Much of Lost Girl takes place in the Dal Riata, a neutral Fae pub in the show’s fictional universe, which means that both Light and Dark Fae may congregate there without discord. The Dal is owned and managed by Trick, portrayed by the diminutive (4′ 7″) Rick Howland. No attention is paid to Trick’s size nor is he treated as inferior or childlike in any way. In fact, as we learn in Season Two, Trick is a man of much importance in the Fae world. Even Peter Dinklage, despite his superlative acting skills, Emmy win, and top billing, is still the subject of much ridicule within the world of Game of Thrones.
As might be expected in a show in which many of the scenes take place in a bar, there is a lot of drinking. But Lost Girl isn’t Cheers or even Shameless; this is more like the way that the characters in The Good Wife often meet for drinks after work or a particularly tough case. This renders the show more grounded in reality than one featuring a succubus, a wolf-shifter, and a siren might seem to be at first blush.
About that siren: his name is Hale and a black actor, K.C. Collins, plays him. As with Rick Howland, his race is not mentioned. In fact, he and his family are considered Fae royalty, but it’s because of their lineage, not their skin color.
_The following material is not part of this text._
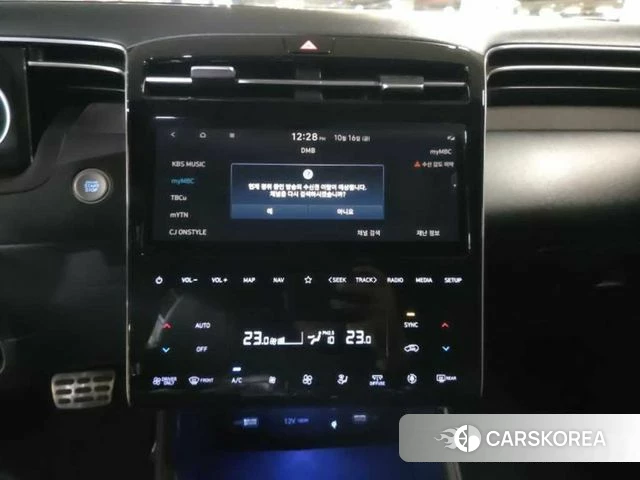 Hyundai The New Tucson Hybrid (NX4) 2020 Черный из Кореи, фото 2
The visuals of Lost Girl distinguish it from other genre fare, as well. Each character has a specific look, not just in their physicality, but also in his or her clothing, which is frequently impeccably tailored, yes, even Kenzi’s punk urchin look. The lighting is high-quality, too, replacing the clichéd blue glow of horror with warm, golden tones. From a production design standpoint, although some sets (like The Ash’s office) look a bit stilted, others (like Bo’s house, the Dal Riata, and many of the settings used in flashbacks) are exceptionally suited to the atmosphere of the show.
Lost Girl isn’t perfect. At times the constant revelations of various characters and events in Fae history feels a little “monster of the week,” but considering that Bo is new to this world (being raised by humans until age 18), it does make narrative sense. Sometimes the events taking place stretch the limits of credulity, particularly when the limitations of the special effects budget are a little more obvious than is probably desired. This doesn’t reflect on the ability of the cast and crew to give 110 percent, though; it’s obvious that everyone involved with the show isn’t just there for a paycheck.
Lost Girl is a terrific, character-driven show that just happens to take place in a supernatural world. If you’ve not watched it yet, or shied away due to the subject matter, you are missing out. More genre shows—hell, more TV shows, period—should be this forward-thinking.
Lost Girl Season Two was released on Blu-Ray on November 13 through Berkshire Access Media in Canada and Funimation in the US. The set includes all 22 episodes, plus cast interviews, “making of” featurettes, and a blooper reel.
Season Three premiered January 6 on Showcase in Canada and will premiere January 14 on SyFy in the US.